El segundo en la arena, la lluvia se hizo copiosa y gran parte del público se guareció en las galerías interiores de la plaza. Los que tenían paraguas, chubasqueros, impermeables, gabardinas, capotes de caza mayor y menor, bolsas de plástico, ponchos peruanos, sombreros, boinas capadas o no, morriones, barretinas y demás prendas de que se sirve el aficionado para paliar los cataclismos de la naturaleza, vieron la faena de muleta, que le salía destemplada a Julio Robles y estuvieron a punto de vomitar por el golletazo con que apuñaló tabernariamente al toro, que no tenía culpa de nada.

Dos carreras había pegado el tercero cuando escampó. Roberto Domínguez se preocupó de afinar hasta la exquisitez el academicismo de las posturas que más convienen a la plástica de las suertes, mientras su interpretación no las guardaba correspondencia: trazaba el pasee para allá, y no podía ligarlo, porque es para acá.

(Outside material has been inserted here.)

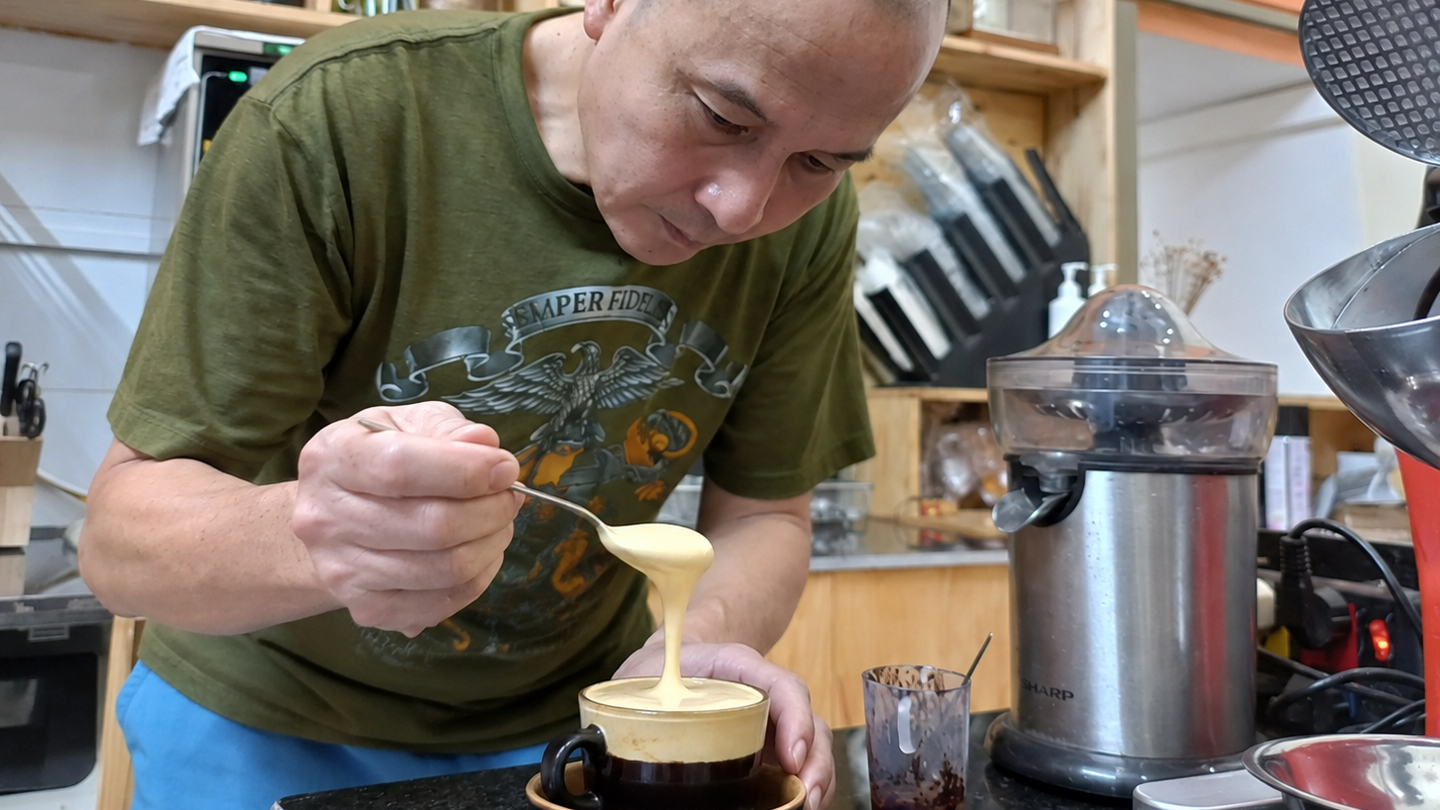 Cafe owner prepares egg coffee by pouring thick foam over a cup in Hanoi.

Arrastrado el toro, se incorporaron a sus localidades los enjutos de las galerías, los mojados arriaron su arsenal antimeteoros, y todos juntos se aprestaron a presenciar la lidia del cuarto toro. Pero no hubo tal lidia porque se fraguó el atraco (sólo habría faltado que fuera a mano armada) a un público santo que había pagado religiosamente su entrada. A pesar de que no había caído ni gota desde hacía casi media hora, a pesar de que hay arena en la plaza y areneros para esparcirla sobre los charcos, los toreros determinaron no torear y el presidente autorizó la deserción.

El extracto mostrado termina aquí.